The role of TCF3 as potential master regulator in blastemal Wilms tumors

Wilms tumors are the most common type of pediatric kidney tumors. While the overall prognosis for patients is favorable, especially tumors that exhibit a blastemal subtype after preoperative chemotherapy have a poor prognosis. For an improved risk assessment and therapy stratification, it is essential to identify the driving factors that are distinctive for this aggressive subtype. In our study, we compared gene expression profiles of 33 tumor biopsies (17 blastemal and 16 other tumors) after neoadjuvant chemotherapy. The analysis of this dataset using the Regulator Gene Association Enrichment algorithm successfully identified several biomarkers and associated molecular mechanisms that distinguish between blastemal and nonblastemal Wilms tumors. Specifically, regulators involved in embryonic development and epigenetic processes like chromatin remodeling and histone modification play an essential role in blastemal tumors. In this context, we especially identified TCF3 as the central regulatory element. Furthermore, the comparison of ChIP‐Seq data of Wilms tumor cell cultures from a blastemal mouse xenograft and a stromal tumor provided further evidence that the chromatin states of blastemal cells share characteristics with embryonic stem cells that are not present in the stromal tumor cell line. These stem‐cell like characteristics could potentially add to the increased malignancy and chemoresistance of the blastemal subtype.
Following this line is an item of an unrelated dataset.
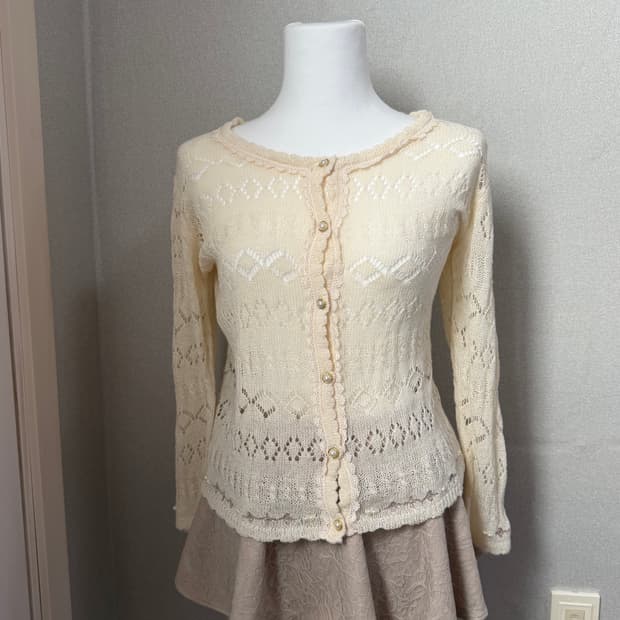 엑시즈팜 axes femme 모리걸 로걀 가디건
Along with TCF3, we detected several additional biomarkers that are distinctive for blastemal Wilms tumors after neoadjuvant chemotherapy and that may provide leads for new therapeutic regimens. What's new? Wilms tumors (WT) that exhibit a blastemal subtype after neoadjuvant chemotherapy have an increased malignancy. Although individual (epi)genetic regulators and stem cell factors are important in the pathogenesis of blastemal WT, a systematic evaluation of the influence of a large array of transcriptional regulators has not yet been conducted. Our study identifies TCF3 as the driving regulatory element controlling central epigenetic processes deregulated in blastemal WT, together with many other regulators involved in chromatin remodeling, embryonic development, or pluripotency of embryonic stem cells. These insights may be used in the future to improve diagnosis, prognosis, or therapy of WT patients.